▶ _Your goal_:
The entries that follow need to be retyped verbatim.

▶ _Record set_:
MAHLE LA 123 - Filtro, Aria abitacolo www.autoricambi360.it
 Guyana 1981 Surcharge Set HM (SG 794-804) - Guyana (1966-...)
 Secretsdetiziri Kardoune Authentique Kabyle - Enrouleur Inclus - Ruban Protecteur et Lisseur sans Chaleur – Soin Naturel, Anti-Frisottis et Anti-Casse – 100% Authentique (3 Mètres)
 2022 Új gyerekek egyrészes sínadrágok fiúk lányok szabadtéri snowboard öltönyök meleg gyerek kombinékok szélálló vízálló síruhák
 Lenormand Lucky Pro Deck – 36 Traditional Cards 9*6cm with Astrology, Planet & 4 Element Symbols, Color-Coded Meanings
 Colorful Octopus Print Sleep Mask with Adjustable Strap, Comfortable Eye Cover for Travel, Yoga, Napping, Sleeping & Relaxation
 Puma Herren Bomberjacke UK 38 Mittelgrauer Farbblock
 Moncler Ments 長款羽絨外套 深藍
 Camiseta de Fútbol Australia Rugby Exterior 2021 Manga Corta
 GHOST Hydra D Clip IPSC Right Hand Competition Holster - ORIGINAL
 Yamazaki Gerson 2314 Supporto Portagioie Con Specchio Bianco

▶ _Task output_:
MAHLE LA 123 - Filtro, Aria abitacolo www.autoricambi360.it
 Guyana 1981 Surcharge Set HM (SG 794-804) - Guyana (1966-...)
 Secretsdetiziri Kardoune Authentique Kabyle - Enrouleur Inclus - Ruban Protecteur et Lisseur sans Chaleur – Soin Naturel, Anti-Frisottis et Anti-Casse – 100% Authentique (3 Mètres)
 2022 Új gyerekek egyrészes sínadrágok fiúk lányok szabadtéri snowboard öltönyök meleg gyerek kombinékok szélálló vízálló síruhák
 Lenormand Lucky Pro Deck – 36 Traditional Cards 9*6cm with Astrology, Planet & 4 Element Symbols, Color-Coded Meanings
 Colorful Octopus Print Sleep Mask with Adjustable Strap, Comfortable Eye Cover for Travel, Yoga, Napping, Sleeping & Relaxation
 Puma Herren Bomberjacke UK 38 Mittelgrauer Farbblock
 Moncler Ments 長款羽絨外套 深藍
 Camiseta de Fútbol Australia Rugby Exterior 2021 Manga Corta
 GHOST Hydra D Clip IPSC Right Hand Competition Holster - ORIGINAL
 Yamazaki Gerson 2314 Supporto Portagioie Con Specchio Bianco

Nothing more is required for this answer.